A new D.C. auditor’s report shows that the coronavirus pandemic has hit hardest in the city’s most vulnerable wards.
“This analysis indicates a disproportional impact (by population) on Wards 4, 5, 7, and 8, the same wards with the highest proportion of population lacking health insurance and without a high school diploma,” states a special report released Tuesday by D.C. Auditor Kathleen Patterson.
The 28-page report provides a preliminary review of mitigation efforts in the D.C. region, with a focus on social distancing and relief policies.
It is the first report prepared for Mrs. Patterson by the national consulting firm Talus Analytics and Georgetown University Center for Global Health Science and Security. The groups are collaborating to research policies that help reduce spread of the virus in the District, Virginia and Maryland.
When and where the policies were implemented, as well as who they affected and how, were used as key data components. Demographics, mobility, caseload, deaths and economic metrics also were analyzed.
Mrs. Patterson will release more of the groups’ findings within the next six months.

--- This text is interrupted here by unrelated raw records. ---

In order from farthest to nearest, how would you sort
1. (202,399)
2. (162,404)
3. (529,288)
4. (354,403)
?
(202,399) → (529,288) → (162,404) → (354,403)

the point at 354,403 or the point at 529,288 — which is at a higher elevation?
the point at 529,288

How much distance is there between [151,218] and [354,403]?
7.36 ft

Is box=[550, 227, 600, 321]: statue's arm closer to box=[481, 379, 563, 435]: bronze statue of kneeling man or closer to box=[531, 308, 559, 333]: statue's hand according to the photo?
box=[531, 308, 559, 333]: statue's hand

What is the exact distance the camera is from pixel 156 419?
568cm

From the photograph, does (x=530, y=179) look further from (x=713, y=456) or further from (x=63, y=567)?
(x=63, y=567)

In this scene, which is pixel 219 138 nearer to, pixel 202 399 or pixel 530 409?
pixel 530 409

Another report, released Monday, compares D.C. Department of Health public health statistics with best practice methods created by the nonprofit Resolve to Save Lives (RSL). The organization is led by Thomas Frieden, a former director of the Centers for Disease Control and Prevention.
In the 46-page document, Mrs. Patterson and RSL found that the health department’s reporting is “strong” but has room for improvement.
The Office of the D.C. Auditor “finds that the District is at the top of states and cities in collecting and releasing COVID information but recommends improvements both in collecting and sharing critical data,” according to a press release.